Kerendia also performed well regardless of baseline kidney function, though its relative advantage over placebo was more pronounced in patients with healthier kidneys.
“Building on the growing body of clinical evidence for finerenone, which demonstrated the benefit of this treatment on renal and cardiovascular outcomes, these new data highlight the positive effects of finerenone on morbidity and mortality across a broad range of disease severities in patients with chronic kidney disease and type 2 diabetes,” Gerasimos Filippatos, M.D., professor of cardiology at the National and Kapodistrian University of Athens, Greece and co-principal author of both the FIDELIO-DKD and FIGARO-DKD studies, said in a statement.
Kerendia is a non-steroidal and selective antagonist of the mineralocorticoid receptor, the overactivation of which is known to cause cardiac damage and aggravate CKD progression. The drug was approved by the FDA in July 2021 as a once-a-day tablet treatment for CKD associated with T2D. In February, the European Commission also gave Kerendia its regulatory nod, followed by Japan’s Ministry of Health, Labor and Welfare in March and the Chinese National Medical Products Association in June.

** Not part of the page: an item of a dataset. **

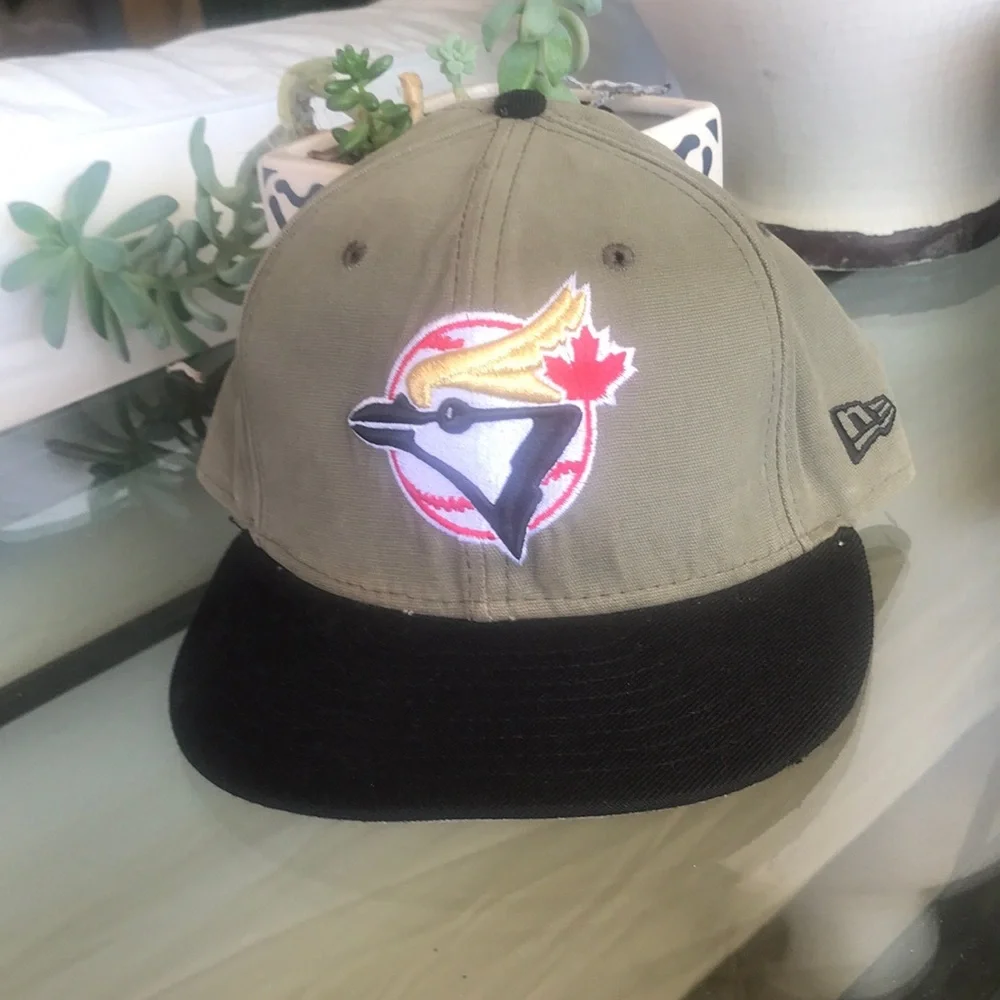 Toronto Blue Jays New Era hat size 7 1/8 used army green‎ and black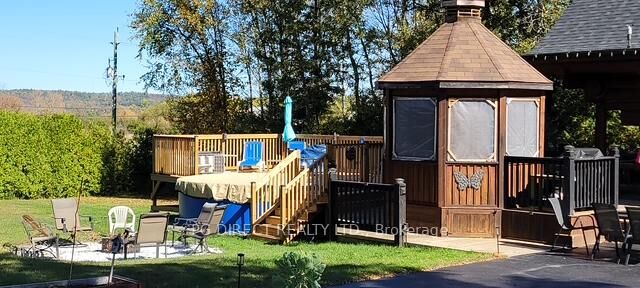 Property Photo: 15 Ferguslea Road E ON K7V 3Z9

CKD is a very common and potentially deadly complication associated with diabetes, eventually occurring in up to 40% of T2D patients. Often, kidney damage worsens gradually and silently, with symptoms appearing only when the disease has progressed to an advanced stage.
T2D patients with CKD are typically treated with SGLT2 inhibitors. One of these is Eli Lilly’s Jardiance (empagliflozin), which earned $461 million in the second quarter of 2022 for the Indiana-based company, up 29% from the same period the year before. Another heavy-hitter in this therapeutic space is AstraZeneca, whose Farxiga (dapagliflozin) earned the company $1 billion in the second quarter of this year alone.
Farxiga was also featured in this year’s ESC, where findings from the Phase III DELIVER trial showed the drug led to a 3.1% absolute reduction in the risk of cardiovascular death or worsening of heart failure relative to placebo.